I’m going to have to learn to embrace the stillness.  The quietness. I can’t fear it. I can’t  run from it. I have to learn to walk in it, sit in it. Enjoy it. Not so that I can become a recluse or a loner, but so that I can appreciate the love and company of others when they are present. So that I can listen better. Do a better job of hearing what others have to say.  And mainly so that I can hear that still, quiet whisper of God’s spirit as He guides me through this valley. 

Recognizing that voice in the quiet is the key to making it through this maze of grief and any other wilderness in life. When I’m feeling lost and alone, I need to learn to not panic and start yelling and feeling scared, but to settle down and calm my nerves. Breathe deep. Close my eyes and concentrate and listen for that quiet still voice of the Spirit as it guides me through the darkness. 

I wanted to entitled this “Embracing the Lonliness”, but I realized something very important.  I am not alone! Although I may feel as if I am. Even though I  may feel lonely. Conscientiously, I know I am not alone. David said in the 23rd Psalm referring to God the Father, “. . . For thou art with me. Thy rod and thy staff, they comfort me . . .” God also said “I will never leave you or forsake you.” So I am not alone even though I may feel lonely. 

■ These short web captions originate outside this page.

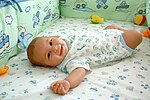 A smiling baby lying in a soft cot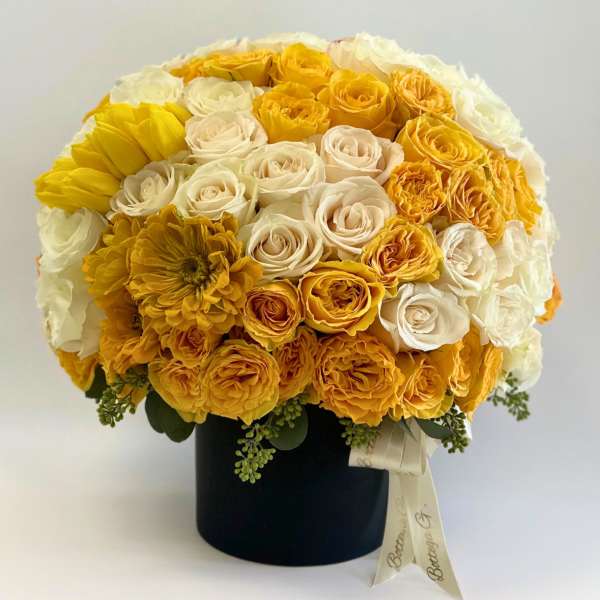 Yellow and white rose bouquet in a black hat box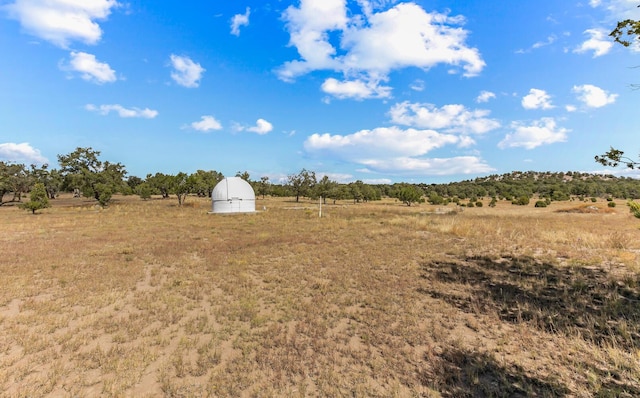 view of yard with a rural view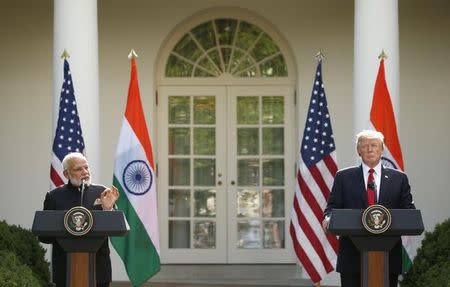 U.S. President Donald Trump (R) holds a joint news conference with Indian Prime Minister Narendra Modi in the Rose Garden of the White House in Washington, U.S., June 26, 2017. REUTERS/Kevin Lamarque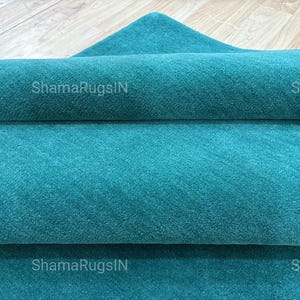 Puede incluir: Una alfombra turquesa enrollada con una superficie texturizada. La alfombra est&aacute; doblada sobre s&iacute; misma, revelando m&uacute;ltiples capas de la tela. El texto "ShamaRugsIN" es visible en la alfombra.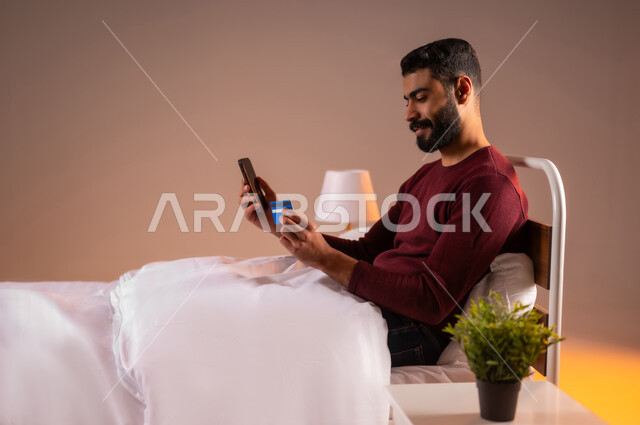 التسوق الالكتروني عبر الانترنت، مفهوم الدفع والتسديد عن بعد عبر تطبيقات الجوال، استخدام البطاقة البنكية الالكترونية، بورتريه لرجل عربي سعودي خليجي يرتدي ازي الكاجوال مستلقي على سرير مريح يحمل الهاتف المحمول، خلفية ملونة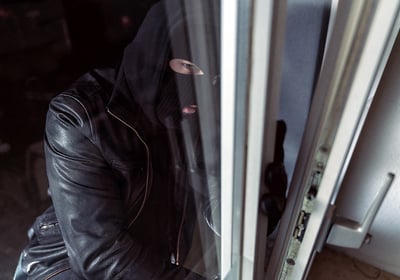 man in mask breaking into home through an unlocked window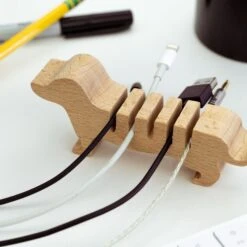 KIKKERLAND Dog Multi Cord Holder -Kikkerland dog multi cord holder on table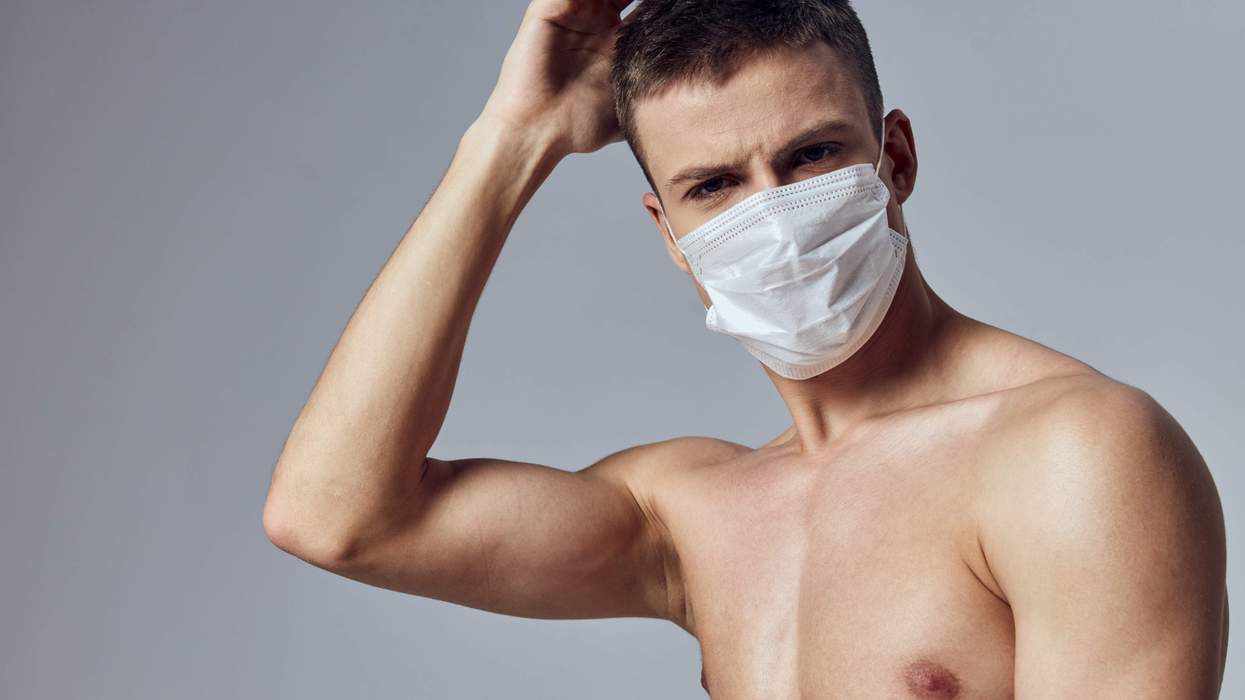 Shirtless man wearing a medical face mask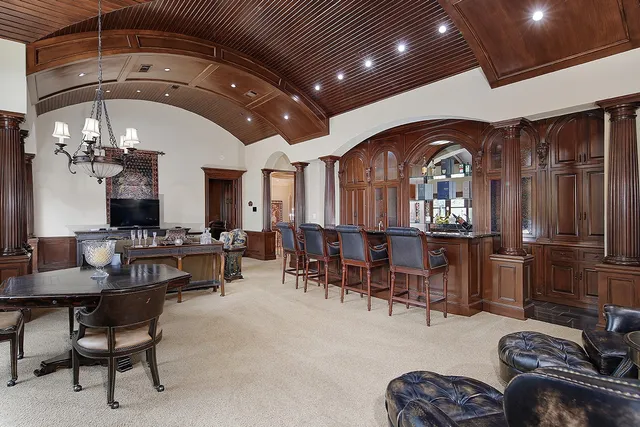 a living room with furniture a fireplace and a chandelier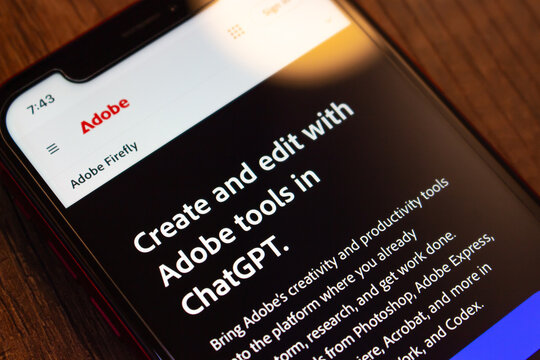 Mexico City, MEXICO - Aug 12 2026 : Close-up of a smartphone showing an Adobe Firefly page headlined create and edit with Adobe tools in ChatGPT, listing Photoshop, Adobe Express and Acrobat.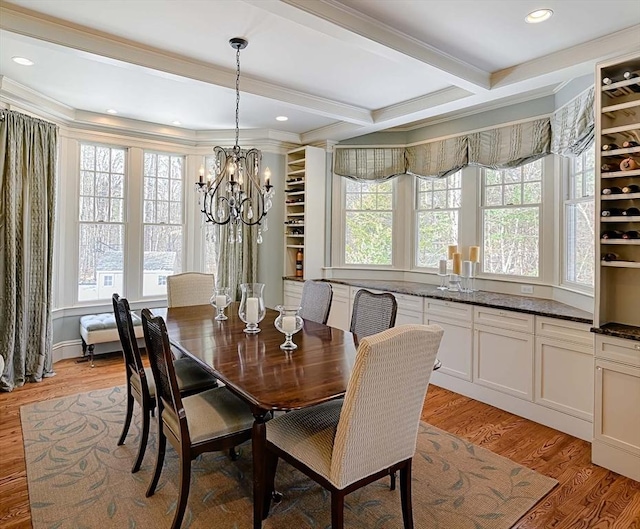 dining area with light wood-type flooring, beam ceiling, a notable chandelier, and ornamental molding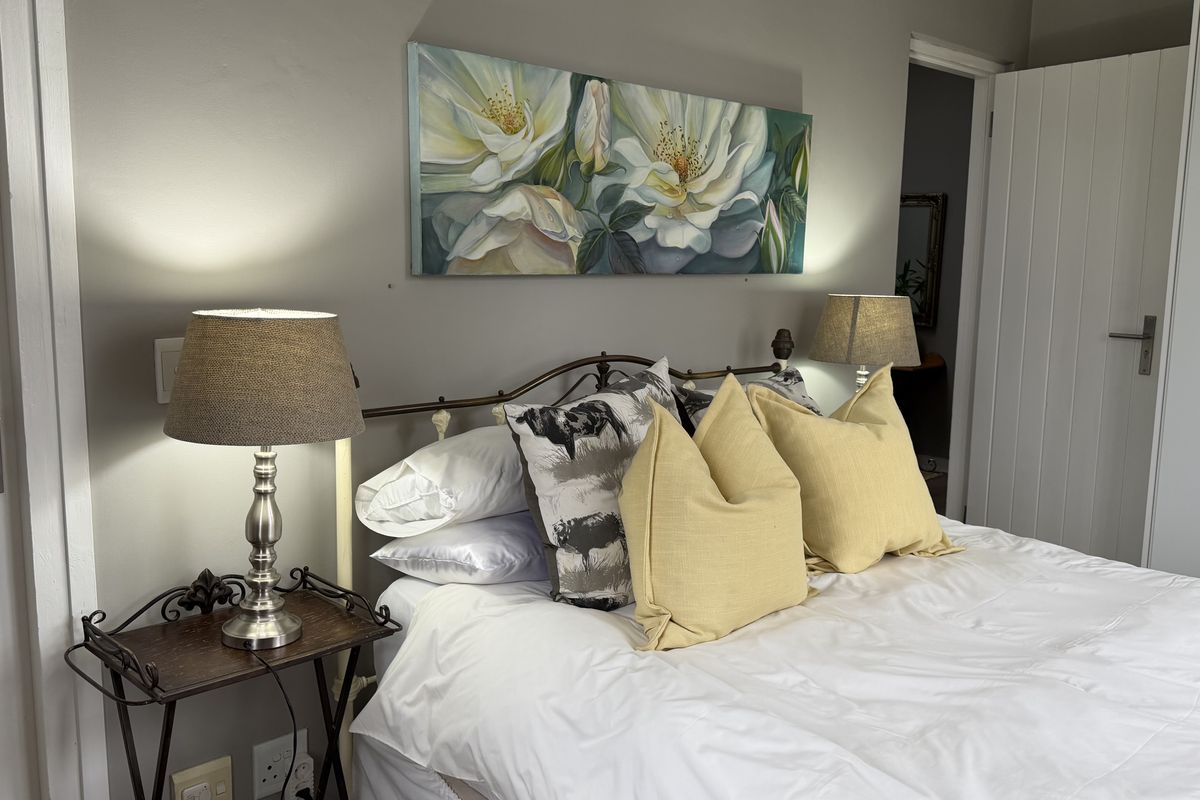 A well-maintained bedroom featuring neutral wall tones, classic door finishes, and integrated electrical fixtures, providing a comfortable and functional living space.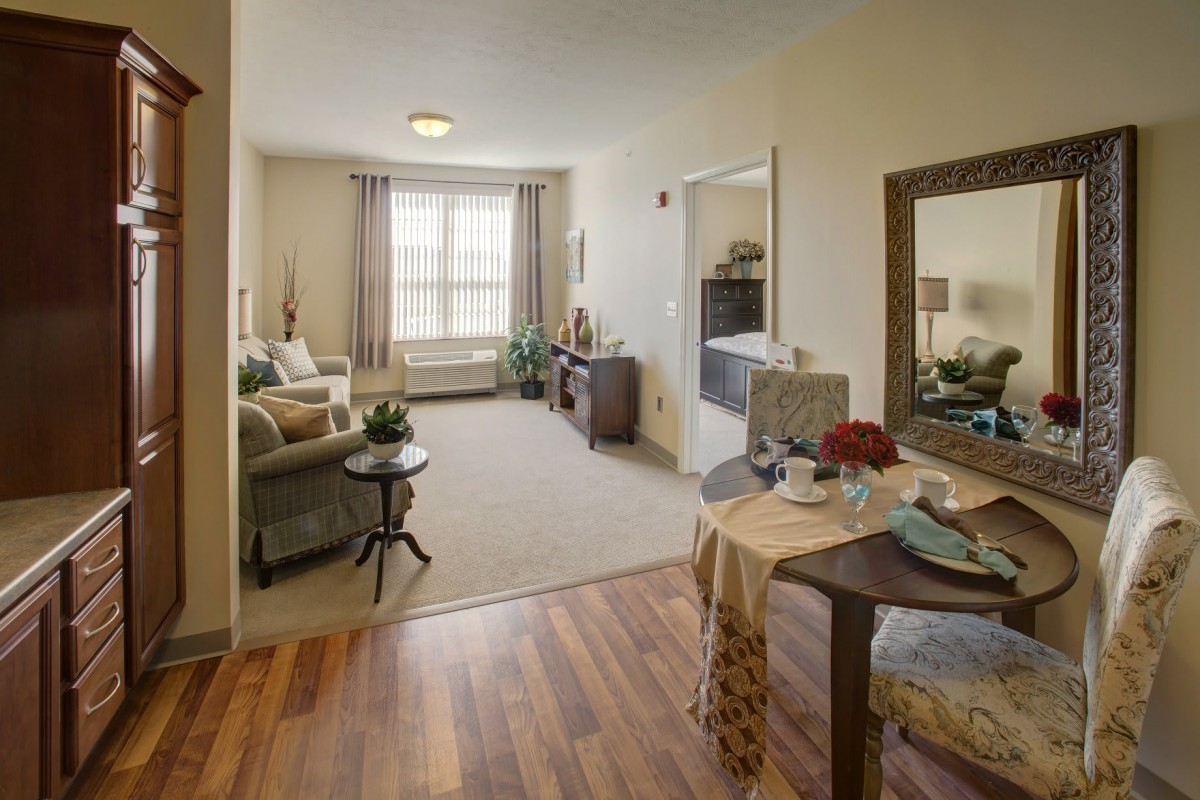 A cozy, well-lit living room with a mix of wooden flooring and carpet, featuring comfortable furniture and tasteful decor.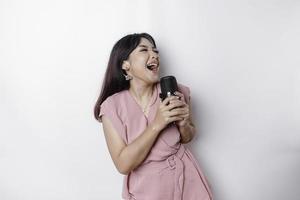 portrait d'une femme asiatique insouciante, s'amusant au karaoké, chantant au microphone en se tenant debout sur fond blanc photo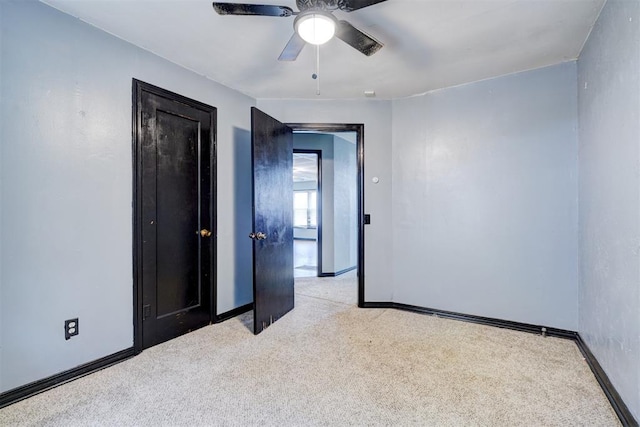 spare room with light carpet, ceiling fan, and baseboards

There is quiet, though. Once, where there was joy and laughter and noise and talk and movement and singing and dancing and shouting. Now, there is stillness. However,  quietness and stillness have their work cut out for them, because they have a huge void to fill. Kandi was larger than life! I’m not saying she was obnoxious, but she had a large presence. Her 5’4″ 1–# frame could fill up a choir room or a church sanctuary when she entered. So, quietness and stillness cannot silence the voice or stop the movement of her legacy and her memory that continues to live and breathe and go with me and others wherever we are. 

So silence and stillness, I embrace you, I welcome you because its in these times when the memory of her comes flooding back, putting a tearful smile on my face. This serves as a bittersweet reminder that not only is God, my Abba Father with me, but so is she.